I didn't notice until I pushed the publish button on the comment above that I was "anonymous" which wasn't what I intended.
I am so sorry you are losing your friend. I am losing mine, also, my best friend of 40 years. She is only 72, the same age her mother was when she started having symptoms. She is still in her home, alone unfortunately, and can still drive to familiar places. But she no longer can read as by the time she gets to the end of a sentence she can't remember the first part, her car insurance company just canceled her for lapsed payments and her finances are a mess - her daughter arrives tomorrow to help straighten them out. Word searching has been a problem for some time.
After 20 years of living 3 hours apart, we finally are back in the same place, but she is soon to move in with her daughter, again 3 hours away.
I have told her she is my best friend and always will be, no matter what. I dread the time when she will no longer recognize me. She already cannot remember the name of my daughter, my husband and some of her neighbors, but, so far, she always knows me.
Heartbreaking, for me, for her, for her family.
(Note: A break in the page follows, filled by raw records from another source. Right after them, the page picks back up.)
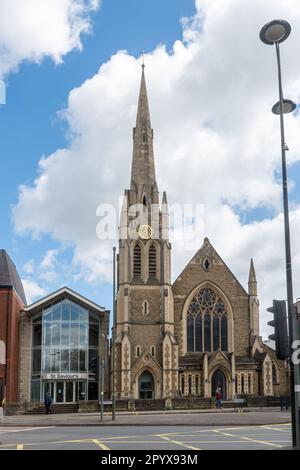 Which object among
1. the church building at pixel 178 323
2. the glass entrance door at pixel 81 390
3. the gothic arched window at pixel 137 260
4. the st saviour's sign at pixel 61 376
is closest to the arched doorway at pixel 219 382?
the church building at pixel 178 323

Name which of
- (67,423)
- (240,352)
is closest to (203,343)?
(240,352)

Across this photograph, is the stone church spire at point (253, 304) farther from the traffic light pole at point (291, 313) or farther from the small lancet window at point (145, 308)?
the traffic light pole at point (291, 313)

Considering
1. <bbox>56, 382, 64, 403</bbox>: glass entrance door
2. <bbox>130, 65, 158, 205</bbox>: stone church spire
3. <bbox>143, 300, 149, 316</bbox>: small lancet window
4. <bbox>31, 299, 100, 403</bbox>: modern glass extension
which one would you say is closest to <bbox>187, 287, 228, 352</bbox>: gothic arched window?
<bbox>143, 300, 149, 316</bbox>: small lancet window

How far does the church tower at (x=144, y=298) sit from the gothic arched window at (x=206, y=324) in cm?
244

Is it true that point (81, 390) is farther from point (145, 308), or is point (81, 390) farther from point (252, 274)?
point (252, 274)

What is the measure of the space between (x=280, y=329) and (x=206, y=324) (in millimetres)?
43665

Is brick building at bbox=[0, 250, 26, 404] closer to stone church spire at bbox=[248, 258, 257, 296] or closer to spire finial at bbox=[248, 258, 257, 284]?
stone church spire at bbox=[248, 258, 257, 296]

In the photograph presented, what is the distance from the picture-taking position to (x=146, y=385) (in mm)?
53375

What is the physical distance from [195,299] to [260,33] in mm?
43907

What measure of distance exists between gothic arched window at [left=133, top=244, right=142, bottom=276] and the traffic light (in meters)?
42.9

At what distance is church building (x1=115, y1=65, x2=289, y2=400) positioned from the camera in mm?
53188

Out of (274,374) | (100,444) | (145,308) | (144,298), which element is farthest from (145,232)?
(100,444)

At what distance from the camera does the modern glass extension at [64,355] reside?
50625 millimetres

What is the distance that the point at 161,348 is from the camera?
176ft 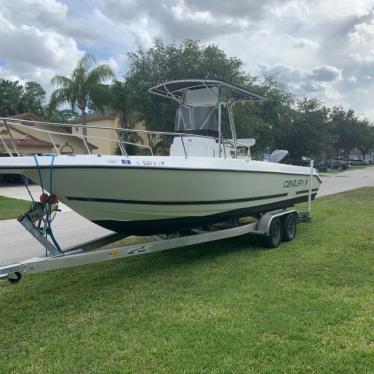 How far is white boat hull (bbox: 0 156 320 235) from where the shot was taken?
14.2ft

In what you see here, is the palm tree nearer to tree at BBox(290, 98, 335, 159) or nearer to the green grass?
the green grass

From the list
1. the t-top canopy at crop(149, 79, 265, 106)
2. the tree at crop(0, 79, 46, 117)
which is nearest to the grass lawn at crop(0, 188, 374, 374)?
the t-top canopy at crop(149, 79, 265, 106)

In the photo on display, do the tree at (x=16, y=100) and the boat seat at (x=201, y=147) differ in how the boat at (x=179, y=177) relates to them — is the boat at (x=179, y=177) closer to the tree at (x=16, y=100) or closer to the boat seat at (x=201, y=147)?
the boat seat at (x=201, y=147)

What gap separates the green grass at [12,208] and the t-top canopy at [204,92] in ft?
19.4

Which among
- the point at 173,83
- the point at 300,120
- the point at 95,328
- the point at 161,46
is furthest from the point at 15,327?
the point at 300,120

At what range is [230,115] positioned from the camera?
7383 mm

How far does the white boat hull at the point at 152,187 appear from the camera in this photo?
4.32 m

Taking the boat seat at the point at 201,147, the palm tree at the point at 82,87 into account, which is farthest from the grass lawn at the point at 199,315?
the palm tree at the point at 82,87

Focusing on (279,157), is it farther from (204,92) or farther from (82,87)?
(82,87)

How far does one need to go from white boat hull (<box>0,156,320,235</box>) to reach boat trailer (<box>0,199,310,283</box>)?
25 cm

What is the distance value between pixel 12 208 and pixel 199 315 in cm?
993

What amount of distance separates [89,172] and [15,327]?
1.71 metres

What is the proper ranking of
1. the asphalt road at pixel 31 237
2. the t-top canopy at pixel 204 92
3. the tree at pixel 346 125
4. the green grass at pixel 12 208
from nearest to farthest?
the asphalt road at pixel 31 237
the t-top canopy at pixel 204 92
the green grass at pixel 12 208
the tree at pixel 346 125

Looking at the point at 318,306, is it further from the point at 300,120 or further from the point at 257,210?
the point at 300,120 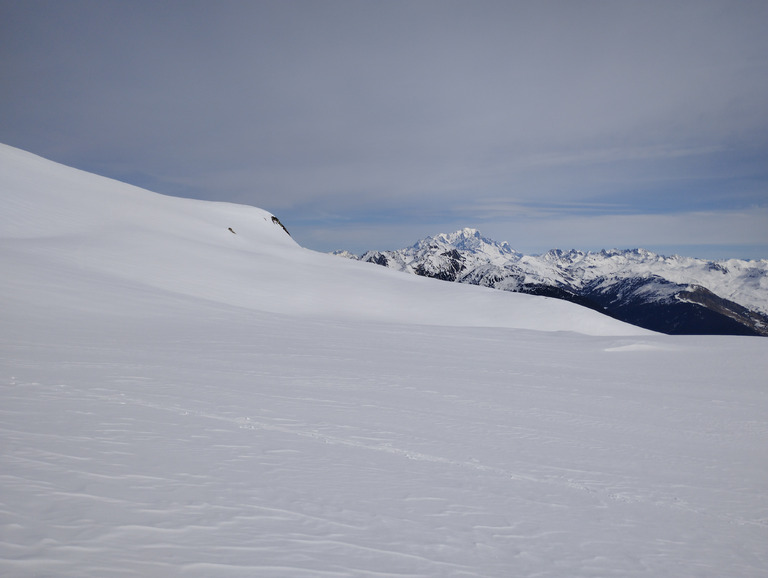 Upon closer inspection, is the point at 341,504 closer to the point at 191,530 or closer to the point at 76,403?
the point at 191,530

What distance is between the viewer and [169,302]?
23.2 meters

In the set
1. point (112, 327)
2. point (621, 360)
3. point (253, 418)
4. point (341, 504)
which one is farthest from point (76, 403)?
point (621, 360)

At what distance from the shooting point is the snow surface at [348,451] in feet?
15.6

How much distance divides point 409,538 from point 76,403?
6868 millimetres

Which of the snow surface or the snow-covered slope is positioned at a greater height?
the snow-covered slope

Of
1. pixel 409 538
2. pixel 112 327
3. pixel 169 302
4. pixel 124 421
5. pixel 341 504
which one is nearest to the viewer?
pixel 409 538

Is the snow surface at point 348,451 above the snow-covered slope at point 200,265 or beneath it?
beneath

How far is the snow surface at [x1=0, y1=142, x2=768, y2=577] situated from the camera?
4746 millimetres

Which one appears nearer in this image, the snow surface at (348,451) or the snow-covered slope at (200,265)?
the snow surface at (348,451)

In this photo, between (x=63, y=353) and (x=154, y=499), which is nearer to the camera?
(x=154, y=499)

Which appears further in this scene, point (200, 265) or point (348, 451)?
point (200, 265)

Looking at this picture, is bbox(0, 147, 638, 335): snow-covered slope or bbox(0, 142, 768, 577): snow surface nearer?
bbox(0, 142, 768, 577): snow surface

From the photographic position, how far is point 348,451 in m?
7.61

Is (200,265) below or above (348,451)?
above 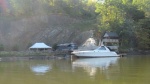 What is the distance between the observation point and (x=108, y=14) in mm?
51906

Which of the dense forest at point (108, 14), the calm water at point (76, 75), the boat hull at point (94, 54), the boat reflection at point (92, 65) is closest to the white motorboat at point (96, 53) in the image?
the boat hull at point (94, 54)

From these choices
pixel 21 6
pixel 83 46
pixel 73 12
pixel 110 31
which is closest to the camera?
pixel 83 46

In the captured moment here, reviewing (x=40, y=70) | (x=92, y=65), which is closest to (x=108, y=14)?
(x=92, y=65)

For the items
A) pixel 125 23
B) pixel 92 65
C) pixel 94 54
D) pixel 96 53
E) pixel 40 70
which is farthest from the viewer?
pixel 125 23

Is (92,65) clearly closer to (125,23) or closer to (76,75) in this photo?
(76,75)

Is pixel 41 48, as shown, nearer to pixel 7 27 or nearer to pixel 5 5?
pixel 7 27

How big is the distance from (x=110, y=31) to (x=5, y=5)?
72.2ft

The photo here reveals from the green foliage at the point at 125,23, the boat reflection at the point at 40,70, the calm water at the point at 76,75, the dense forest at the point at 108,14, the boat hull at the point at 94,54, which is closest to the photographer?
the calm water at the point at 76,75

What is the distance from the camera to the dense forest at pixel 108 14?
49.9m

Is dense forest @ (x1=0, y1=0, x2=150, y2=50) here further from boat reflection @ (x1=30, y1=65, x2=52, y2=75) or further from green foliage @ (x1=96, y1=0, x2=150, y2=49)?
boat reflection @ (x1=30, y1=65, x2=52, y2=75)

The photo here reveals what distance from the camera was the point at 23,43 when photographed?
156 ft

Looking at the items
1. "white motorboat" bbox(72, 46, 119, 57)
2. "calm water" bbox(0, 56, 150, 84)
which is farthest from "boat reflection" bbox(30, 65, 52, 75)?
"white motorboat" bbox(72, 46, 119, 57)

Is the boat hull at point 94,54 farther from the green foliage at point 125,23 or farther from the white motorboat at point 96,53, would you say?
the green foliage at point 125,23

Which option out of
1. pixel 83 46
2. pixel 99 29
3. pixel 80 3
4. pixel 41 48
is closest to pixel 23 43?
pixel 41 48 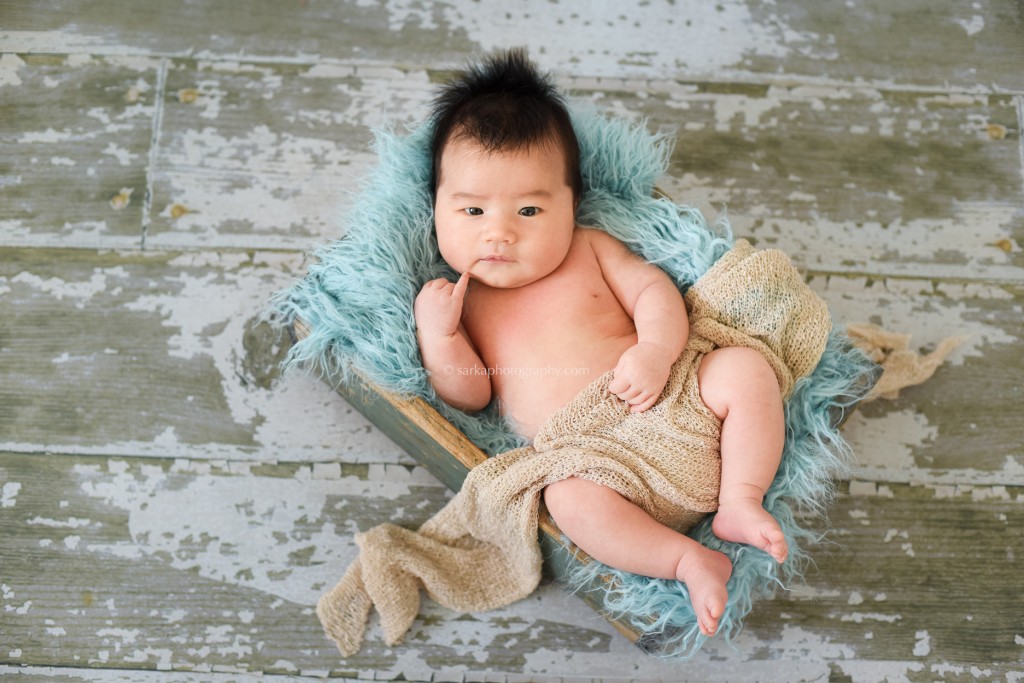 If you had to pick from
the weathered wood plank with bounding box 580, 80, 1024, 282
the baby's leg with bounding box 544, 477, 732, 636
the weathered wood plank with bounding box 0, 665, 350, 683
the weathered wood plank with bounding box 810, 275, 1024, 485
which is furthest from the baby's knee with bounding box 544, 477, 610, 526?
the weathered wood plank with bounding box 580, 80, 1024, 282

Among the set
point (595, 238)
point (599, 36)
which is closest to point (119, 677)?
point (595, 238)

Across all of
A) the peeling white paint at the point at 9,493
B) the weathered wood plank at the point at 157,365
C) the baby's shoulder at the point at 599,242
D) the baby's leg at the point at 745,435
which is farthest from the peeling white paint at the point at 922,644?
the peeling white paint at the point at 9,493

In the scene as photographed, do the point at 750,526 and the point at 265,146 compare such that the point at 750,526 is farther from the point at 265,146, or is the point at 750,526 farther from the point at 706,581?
the point at 265,146

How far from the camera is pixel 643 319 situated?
1.25m

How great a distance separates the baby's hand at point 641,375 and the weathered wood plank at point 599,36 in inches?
30.0

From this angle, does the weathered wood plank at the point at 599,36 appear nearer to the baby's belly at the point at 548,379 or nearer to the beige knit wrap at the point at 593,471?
the beige knit wrap at the point at 593,471

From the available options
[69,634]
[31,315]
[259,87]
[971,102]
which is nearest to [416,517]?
[69,634]

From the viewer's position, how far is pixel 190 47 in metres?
1.68

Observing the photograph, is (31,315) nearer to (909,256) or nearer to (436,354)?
(436,354)

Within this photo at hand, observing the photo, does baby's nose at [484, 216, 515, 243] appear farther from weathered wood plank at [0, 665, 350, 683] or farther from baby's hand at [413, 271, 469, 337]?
weathered wood plank at [0, 665, 350, 683]

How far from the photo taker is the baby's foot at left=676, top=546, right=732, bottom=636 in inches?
42.1

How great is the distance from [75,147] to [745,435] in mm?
1406

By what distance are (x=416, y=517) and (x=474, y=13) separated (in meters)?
1.07

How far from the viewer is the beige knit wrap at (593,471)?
1157 millimetres
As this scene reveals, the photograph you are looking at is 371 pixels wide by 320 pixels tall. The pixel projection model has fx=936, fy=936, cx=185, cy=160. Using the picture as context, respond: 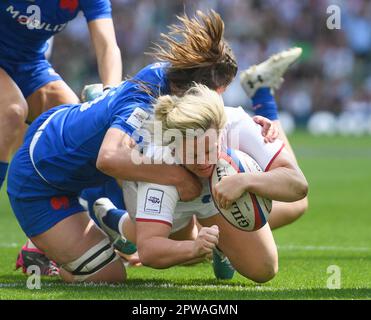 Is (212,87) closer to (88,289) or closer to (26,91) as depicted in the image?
(88,289)

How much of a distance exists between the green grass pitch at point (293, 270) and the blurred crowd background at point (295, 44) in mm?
11938

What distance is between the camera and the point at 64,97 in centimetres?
722

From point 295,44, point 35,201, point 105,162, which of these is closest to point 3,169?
point 35,201

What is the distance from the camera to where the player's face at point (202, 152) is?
5086mm

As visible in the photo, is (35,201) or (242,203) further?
(35,201)

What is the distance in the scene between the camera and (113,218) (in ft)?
19.6

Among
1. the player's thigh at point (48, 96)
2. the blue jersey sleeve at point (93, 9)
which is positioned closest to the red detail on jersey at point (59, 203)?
the player's thigh at point (48, 96)

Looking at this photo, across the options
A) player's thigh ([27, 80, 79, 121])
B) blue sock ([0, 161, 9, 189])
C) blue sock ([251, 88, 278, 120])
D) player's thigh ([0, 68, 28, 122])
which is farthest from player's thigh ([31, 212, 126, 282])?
blue sock ([251, 88, 278, 120])

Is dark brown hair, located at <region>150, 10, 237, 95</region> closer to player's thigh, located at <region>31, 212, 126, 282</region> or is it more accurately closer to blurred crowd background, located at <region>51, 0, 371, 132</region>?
player's thigh, located at <region>31, 212, 126, 282</region>

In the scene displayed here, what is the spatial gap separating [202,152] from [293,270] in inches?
66.0

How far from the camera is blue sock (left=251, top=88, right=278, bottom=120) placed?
7721mm

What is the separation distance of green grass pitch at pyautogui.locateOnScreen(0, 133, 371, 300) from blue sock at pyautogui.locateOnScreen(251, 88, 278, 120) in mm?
1134

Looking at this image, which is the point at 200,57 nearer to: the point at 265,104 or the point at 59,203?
the point at 59,203

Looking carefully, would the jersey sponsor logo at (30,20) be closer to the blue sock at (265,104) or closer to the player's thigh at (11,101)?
the player's thigh at (11,101) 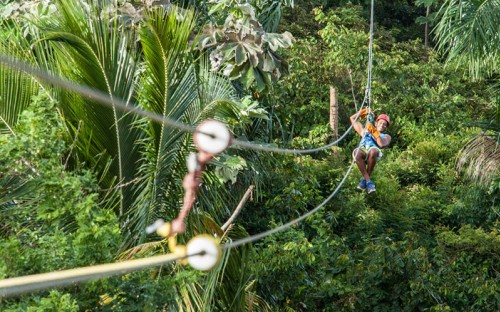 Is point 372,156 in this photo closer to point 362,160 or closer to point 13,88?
point 362,160

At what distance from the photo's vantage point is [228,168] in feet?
24.2

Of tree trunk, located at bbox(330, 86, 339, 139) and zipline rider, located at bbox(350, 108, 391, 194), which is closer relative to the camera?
zipline rider, located at bbox(350, 108, 391, 194)

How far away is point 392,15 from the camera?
73.0 ft

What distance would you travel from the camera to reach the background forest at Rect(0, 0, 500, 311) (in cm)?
591

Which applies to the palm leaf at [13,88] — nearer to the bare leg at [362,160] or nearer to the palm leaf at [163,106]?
the palm leaf at [163,106]

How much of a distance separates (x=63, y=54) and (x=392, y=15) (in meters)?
16.4

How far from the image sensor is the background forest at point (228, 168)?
5914 mm

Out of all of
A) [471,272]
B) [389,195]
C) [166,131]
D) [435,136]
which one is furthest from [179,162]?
[435,136]

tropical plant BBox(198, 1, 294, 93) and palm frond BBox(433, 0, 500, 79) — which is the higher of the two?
tropical plant BBox(198, 1, 294, 93)

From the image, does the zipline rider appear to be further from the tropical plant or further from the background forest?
the tropical plant

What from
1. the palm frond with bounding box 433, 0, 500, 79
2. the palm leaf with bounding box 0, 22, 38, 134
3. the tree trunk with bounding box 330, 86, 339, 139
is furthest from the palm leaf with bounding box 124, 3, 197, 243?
the tree trunk with bounding box 330, 86, 339, 139

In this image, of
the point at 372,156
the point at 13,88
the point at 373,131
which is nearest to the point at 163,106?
the point at 13,88

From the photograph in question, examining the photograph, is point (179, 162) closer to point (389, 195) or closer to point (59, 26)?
point (59, 26)

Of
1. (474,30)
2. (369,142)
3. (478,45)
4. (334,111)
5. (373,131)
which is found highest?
(474,30) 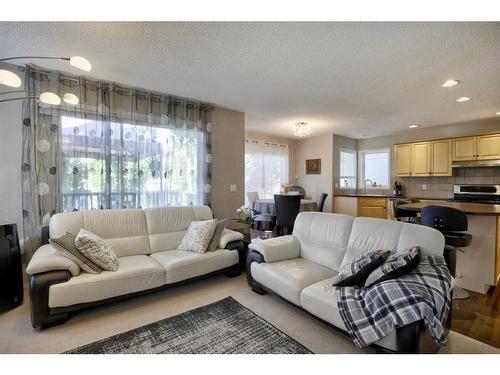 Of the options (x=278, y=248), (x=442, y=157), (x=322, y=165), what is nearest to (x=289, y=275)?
(x=278, y=248)

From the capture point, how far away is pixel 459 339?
5.99 feet

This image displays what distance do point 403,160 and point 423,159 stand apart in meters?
0.40

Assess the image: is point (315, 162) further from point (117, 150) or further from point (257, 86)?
point (117, 150)

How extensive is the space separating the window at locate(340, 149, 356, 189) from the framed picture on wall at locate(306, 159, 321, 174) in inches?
25.9

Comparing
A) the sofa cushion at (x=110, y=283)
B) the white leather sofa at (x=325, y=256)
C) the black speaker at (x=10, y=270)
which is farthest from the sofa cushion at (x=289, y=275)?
the black speaker at (x=10, y=270)

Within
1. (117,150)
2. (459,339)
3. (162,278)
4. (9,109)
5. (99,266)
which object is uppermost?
(9,109)

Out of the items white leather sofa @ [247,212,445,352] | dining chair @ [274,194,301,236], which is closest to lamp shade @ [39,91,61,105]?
white leather sofa @ [247,212,445,352]

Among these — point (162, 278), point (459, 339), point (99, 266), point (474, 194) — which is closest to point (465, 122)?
point (474, 194)

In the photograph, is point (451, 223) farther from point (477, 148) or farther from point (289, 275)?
point (477, 148)

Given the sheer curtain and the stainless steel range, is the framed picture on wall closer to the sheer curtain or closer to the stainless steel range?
the sheer curtain

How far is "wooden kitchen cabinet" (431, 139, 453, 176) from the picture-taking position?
4.99 metres

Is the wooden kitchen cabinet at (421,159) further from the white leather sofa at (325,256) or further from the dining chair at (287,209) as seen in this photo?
the white leather sofa at (325,256)

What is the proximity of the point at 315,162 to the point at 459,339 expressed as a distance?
16.4 ft

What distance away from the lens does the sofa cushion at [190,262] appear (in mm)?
2520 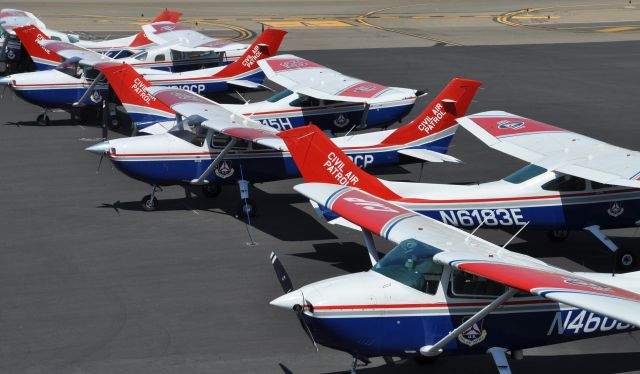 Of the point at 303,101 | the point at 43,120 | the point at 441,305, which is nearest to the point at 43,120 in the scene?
the point at 43,120

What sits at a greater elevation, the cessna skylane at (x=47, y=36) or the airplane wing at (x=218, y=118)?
the airplane wing at (x=218, y=118)

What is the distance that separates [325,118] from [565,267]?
10.6 metres

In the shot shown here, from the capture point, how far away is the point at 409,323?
13805mm

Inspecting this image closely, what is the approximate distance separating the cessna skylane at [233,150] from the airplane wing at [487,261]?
6367 mm

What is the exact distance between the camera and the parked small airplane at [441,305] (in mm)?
13438

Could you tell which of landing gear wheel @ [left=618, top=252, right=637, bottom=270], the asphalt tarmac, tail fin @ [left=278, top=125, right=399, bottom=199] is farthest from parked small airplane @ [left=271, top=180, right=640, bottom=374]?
landing gear wheel @ [left=618, top=252, right=637, bottom=270]

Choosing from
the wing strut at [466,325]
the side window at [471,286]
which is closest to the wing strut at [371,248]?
the side window at [471,286]

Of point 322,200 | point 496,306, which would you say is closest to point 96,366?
point 322,200

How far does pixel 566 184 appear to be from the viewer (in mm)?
19547

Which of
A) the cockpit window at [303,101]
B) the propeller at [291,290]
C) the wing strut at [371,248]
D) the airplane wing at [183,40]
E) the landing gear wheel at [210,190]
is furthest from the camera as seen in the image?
the airplane wing at [183,40]

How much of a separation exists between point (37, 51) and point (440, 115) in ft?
60.3

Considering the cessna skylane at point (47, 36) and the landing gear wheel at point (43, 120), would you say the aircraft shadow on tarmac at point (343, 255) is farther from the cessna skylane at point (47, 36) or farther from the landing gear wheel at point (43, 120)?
the cessna skylane at point (47, 36)

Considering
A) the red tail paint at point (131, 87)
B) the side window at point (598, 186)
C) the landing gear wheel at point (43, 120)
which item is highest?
the side window at point (598, 186)

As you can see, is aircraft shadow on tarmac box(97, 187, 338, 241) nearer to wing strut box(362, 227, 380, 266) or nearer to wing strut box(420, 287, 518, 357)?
wing strut box(362, 227, 380, 266) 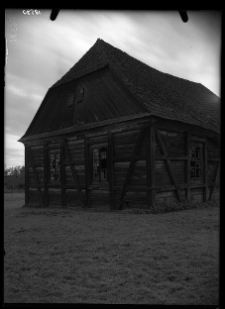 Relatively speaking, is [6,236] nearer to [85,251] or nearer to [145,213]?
[85,251]

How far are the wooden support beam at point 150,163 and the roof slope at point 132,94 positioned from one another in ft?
2.50

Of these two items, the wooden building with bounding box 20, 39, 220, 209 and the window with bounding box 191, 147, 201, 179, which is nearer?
the wooden building with bounding box 20, 39, 220, 209

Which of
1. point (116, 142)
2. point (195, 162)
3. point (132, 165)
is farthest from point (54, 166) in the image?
point (195, 162)

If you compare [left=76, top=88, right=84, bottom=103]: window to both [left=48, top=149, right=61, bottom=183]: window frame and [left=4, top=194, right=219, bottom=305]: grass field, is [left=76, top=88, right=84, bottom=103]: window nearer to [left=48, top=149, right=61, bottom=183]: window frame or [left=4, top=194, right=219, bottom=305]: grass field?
[left=48, top=149, right=61, bottom=183]: window frame

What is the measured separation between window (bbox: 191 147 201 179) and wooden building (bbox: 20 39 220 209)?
0.14ft

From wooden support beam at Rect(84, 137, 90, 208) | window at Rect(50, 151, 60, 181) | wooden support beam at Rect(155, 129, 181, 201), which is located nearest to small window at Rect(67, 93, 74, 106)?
wooden support beam at Rect(84, 137, 90, 208)

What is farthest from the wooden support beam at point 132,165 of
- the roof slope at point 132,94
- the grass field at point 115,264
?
the grass field at point 115,264

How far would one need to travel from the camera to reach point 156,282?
12.1 ft

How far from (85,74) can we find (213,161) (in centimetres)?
749

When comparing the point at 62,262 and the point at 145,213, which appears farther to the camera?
the point at 145,213

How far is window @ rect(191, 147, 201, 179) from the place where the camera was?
1236cm

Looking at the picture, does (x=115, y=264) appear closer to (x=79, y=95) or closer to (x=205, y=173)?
(x=205, y=173)

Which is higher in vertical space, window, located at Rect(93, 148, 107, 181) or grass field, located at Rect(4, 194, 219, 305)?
window, located at Rect(93, 148, 107, 181)
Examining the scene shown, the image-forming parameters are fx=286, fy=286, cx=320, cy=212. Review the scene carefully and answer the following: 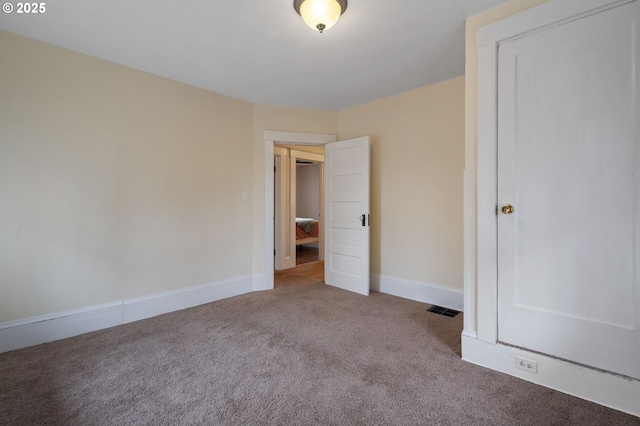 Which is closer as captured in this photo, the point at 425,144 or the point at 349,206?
the point at 425,144

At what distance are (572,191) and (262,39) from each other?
7.95ft

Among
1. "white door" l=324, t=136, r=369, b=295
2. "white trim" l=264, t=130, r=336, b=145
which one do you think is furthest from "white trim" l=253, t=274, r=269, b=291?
"white trim" l=264, t=130, r=336, b=145

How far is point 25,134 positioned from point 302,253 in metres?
5.39

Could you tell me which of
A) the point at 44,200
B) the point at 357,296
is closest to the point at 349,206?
the point at 357,296

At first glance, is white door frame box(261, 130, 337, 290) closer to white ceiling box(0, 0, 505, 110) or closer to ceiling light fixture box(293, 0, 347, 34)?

I remember visiting your studio in 2014 or 15 and you and Lois were weaving a very wide rug on your upstairs loom. You were a well oiled machine, you two, wordlessly passing the shuttle back and forth, back and forth. Such teamwork. You were lucky to have that collaboration and I was lucky to meet you both.
I remember those days so well......we did work together as a team. It was a gift. And now it's gone.